> [Exercise objective]: A full, word-for-word copy of the listing below is needed; leave the images out of it.

> [Raw data]:
* * *

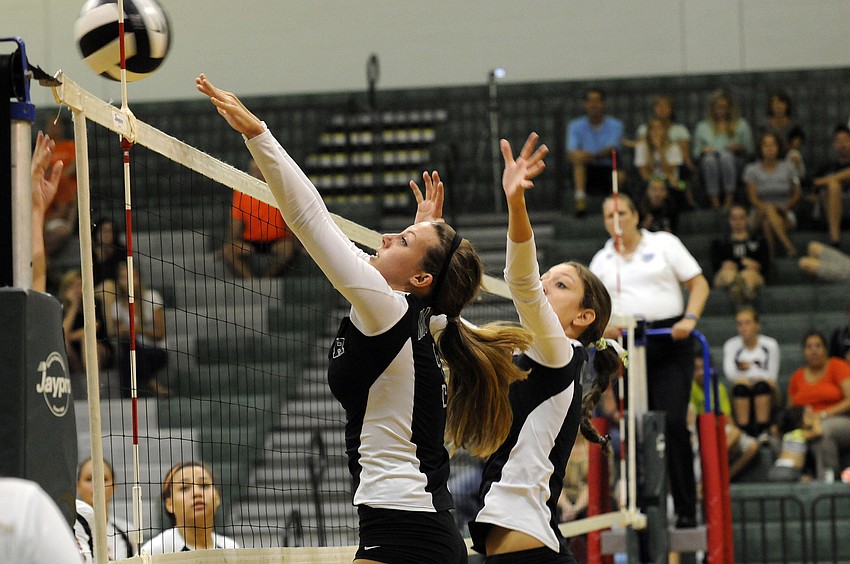 Lakewood Ranch senior Lauren Owen goes up for a block during the Lady Mustangs 3-0 victory over Sarasota Sept. 3.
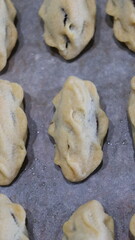 raditional Moroccan Mooncakes with Intricate Floral Pattern on Baking Sheet – Close-Up of Handmade Festival Cakes, Authentic Pastry Design, and Cultural Delicacies for Special Occasions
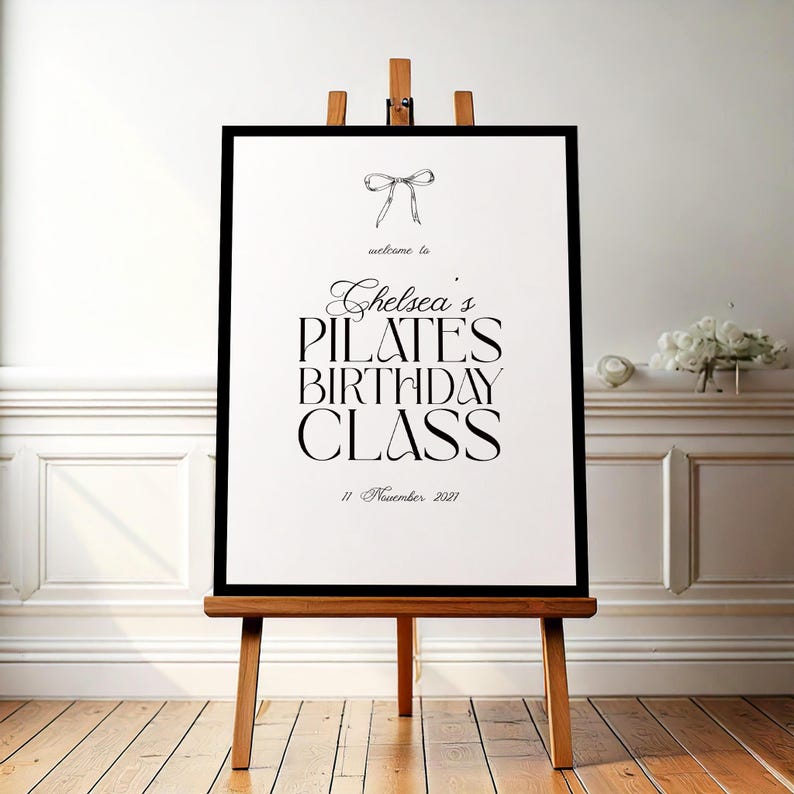 May include: A framed sign on a wooden easel with the text "Chelsea's Pilates Birthday Class" in elegant black script. The sign includes a bow illustration and the date "11 November 2021". The background features a white wall and wooden floor.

* * *

> [Exercise solution]:
 Lakewood Ranch senior Lauren Owen goes up for a block during the Lady Mustangs 3-0 victory over Sarasota Sept. 3.
 raditional Moroccan Mooncakes with Intricate Floral Pattern on Baking Sheet – Close-Up of Handmade Festival Cakes, Authentic Pastry Design, and Cultural Delicacies for Special Occasions
 May include: A framed sign on a wooden easel with the text "Chelsea's Pilates Birthday Class" in elegant black script. The sign includes a bow illustration and the date "11 November 2021". The background features a white wall and wooden floor.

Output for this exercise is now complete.